Employee Performance Evaluations


The value of the employees to the University cannot be overemphasized. The Institution's mission could not be achieved without a competent, motivated workforce. Performance evaluations are intended to:

  • measure the extent to which your performance meets the requirements of your particular position.
  • strengthen your relationship with your supervisor.
  • open up the channels of communication.
  • appraise your past performance.
  • clarify job expectations and standards and establish future goals.
  • provide a specific occasion for you to raise questions about your position and/or the guidance you have been receiving from your supervisor.
  • provide your supervisor with an opportunity to assess how effective he/she has been in communicating with you.

No performance evaluation can be considered complete without some discussion and assessment of your potential growth. You and your supervisor should talk together about any possible opportunities for such growth and, if appropriate, work together to identify suitable training avenues.

The evaluation discussion is intended to focus primarily on an assessment of your performance, while giving you every opportunity to respond. Both you and your supervisor should avoid subjective impressions of your performance. Such opinions clearly do not belong in an evaluation review. Every attempt should be made to concentrate on concrete examples of your performance. Should there be performance deficiencies that are brought to your attention during this review process, you and your supervisor are encouraged to work together towards designing developmental plans and timetables to improve that performance level.

The end result of the appraisal process is that you and your supervisor have agreed on the appropriate job expectations and standards for your position, using objective criteria.
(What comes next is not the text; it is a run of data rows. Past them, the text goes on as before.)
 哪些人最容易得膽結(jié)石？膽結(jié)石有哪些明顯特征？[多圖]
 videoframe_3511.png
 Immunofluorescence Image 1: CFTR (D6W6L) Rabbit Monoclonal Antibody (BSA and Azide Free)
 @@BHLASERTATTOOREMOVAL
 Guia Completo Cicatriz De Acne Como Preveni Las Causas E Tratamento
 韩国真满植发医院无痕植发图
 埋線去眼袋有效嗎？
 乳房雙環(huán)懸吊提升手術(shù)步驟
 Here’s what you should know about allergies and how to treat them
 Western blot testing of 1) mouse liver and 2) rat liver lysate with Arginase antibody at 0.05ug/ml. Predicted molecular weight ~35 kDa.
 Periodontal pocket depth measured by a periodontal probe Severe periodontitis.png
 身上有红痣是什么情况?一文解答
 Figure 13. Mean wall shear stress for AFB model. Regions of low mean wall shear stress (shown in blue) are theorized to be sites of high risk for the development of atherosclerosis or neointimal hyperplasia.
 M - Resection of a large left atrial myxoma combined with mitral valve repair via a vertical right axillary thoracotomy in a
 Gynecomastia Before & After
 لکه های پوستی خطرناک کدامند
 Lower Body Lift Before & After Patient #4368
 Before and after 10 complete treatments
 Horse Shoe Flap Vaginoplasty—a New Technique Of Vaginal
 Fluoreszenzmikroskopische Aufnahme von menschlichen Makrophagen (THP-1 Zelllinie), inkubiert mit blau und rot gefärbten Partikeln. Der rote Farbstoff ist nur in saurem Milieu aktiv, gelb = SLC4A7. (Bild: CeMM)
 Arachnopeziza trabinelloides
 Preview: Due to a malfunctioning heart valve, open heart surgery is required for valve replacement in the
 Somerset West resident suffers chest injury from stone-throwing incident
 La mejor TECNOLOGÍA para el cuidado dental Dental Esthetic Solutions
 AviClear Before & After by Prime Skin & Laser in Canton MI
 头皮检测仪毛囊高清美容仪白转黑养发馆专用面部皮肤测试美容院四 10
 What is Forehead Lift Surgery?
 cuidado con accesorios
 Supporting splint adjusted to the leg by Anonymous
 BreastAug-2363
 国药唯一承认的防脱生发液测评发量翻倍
While this outcome does not mean necessarily that you agree with the results of the evaluation, you should feel that you can sign-off on the form indicating that the results were adequately communicated to you. There is space on the evaluation document for you to add any comments, if you wish.

The completed evaluation form is retained in your employee file in the Human Resources Office. If desired, you may also receive a copy for your own files.


The key ingredients in a successful evaluation are: identifying job standards; being consistent in measuring and communicating the extent to which whose standards are being met; and providing opportunities for feedback and clarification.

The evaluation areas contained in the enclosed form are intended to serve as guidelines for discussion. The completion of the actual form is not as significant as the discussion of performance that will naturally occur, a discussion which should foster two-way communication between you and the employee. The appraisal document also becomes a record of that evaluation discussion for future reference. The evaluation review form can be completed in one of several different ways as noted below:

The evaluation review must include a planned discussion between you and the employee. As the discussion should focus primarily on performance, please make every effort to separate the discussion from mention of salary issues. (Salary discussions during performance reviews have a tendency to skew the results in favor of exaggerated appraisals.) The evaluation discussion should concentrate on the development of, or clarification of, clear performance criteria: what are the specific job responsibilities and what performance standards will be used to measure the employee's success in achieving them.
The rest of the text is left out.